I would argue that the single most important event to take place during my 32 years on the Music faculty was the installation of the Hill Memorial Organ, built by C.B. Fisk of Gloucester, Mass., as part of another renovation in 2000–01. This project, spearheaded by College Organist William Peterson, required many years of detailed planning. It involved extensive acoustic alterations, including a quieter air conditioning system and the installation of mass above the ceiling to prevent sound from escaping into the attic (where some enterprising students used to go to listen to concerts). The addition of wings on either side of the building allowed for the installation of an elevator, an accessible restroom and additional storage. The repositioning of air conditioning ducts made it possible to remove some walls added in 1970 and reopen four windows that had been closed off at that time, while the ingenuity of the architect permitted the addition of musician’s galleries above both sides of the stage. Finally, the imaginative design of the new organ case maintains several significant aspects of the original case. All these things, taken together, mean that the current configuration of Little Bridges actually resembles more closely the interior layout of the hall as originally designed by Myron Hunt, while also incorporating the improvements made in 1970 and 2000.
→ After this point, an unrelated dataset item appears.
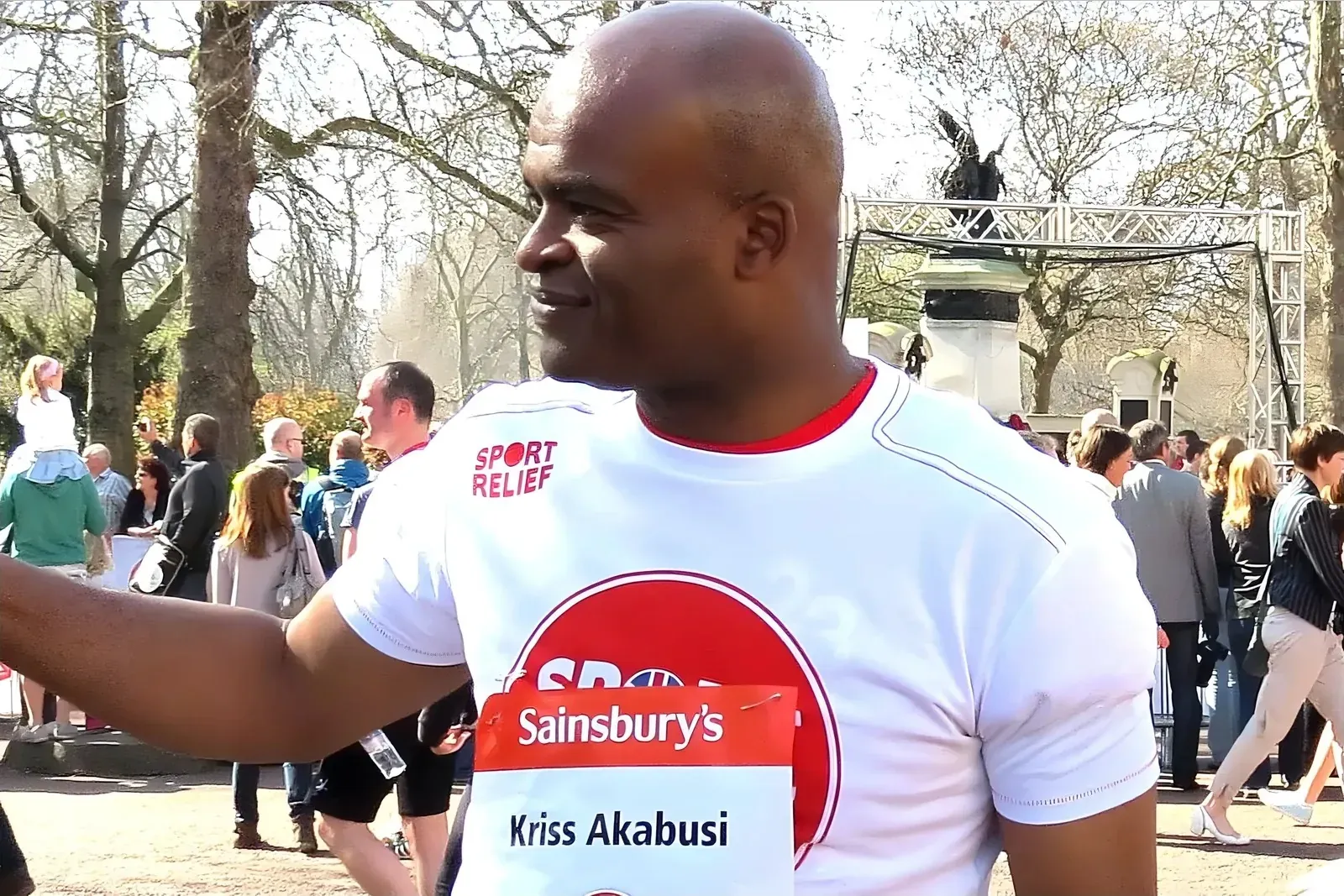 Kriss Akabusi smiling in a Sport Relief t-shirt with a Sainsbury's name badge at a charity run in Hyde Park, London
It has been a great privilege for me to work in Little Bridges for what has now been just over half my life. I have appeared on the stage as a conductor, singer, percussionist and harpsichord player. In the course of facilitating appearances by others, I have also made appearances as an announcer, a gaffer, an audio engineer, a lighting technician and a caretaker—jobs that are generally done these days by far more qualified people. In the early years, the light settings would occasionally change of their own accord—sometimes during concerts—and we attributed this to the ghost of Mabel Shaw Bridges 1908. Her ghost has not been as active in recent years, and I hope that is because she is happy about the current state of the hall and the way the College maintains and uses this gift that her parents provided in her memory just over a hundred years ago. I hope to have the opportunity to oversee that legacy for a few more years.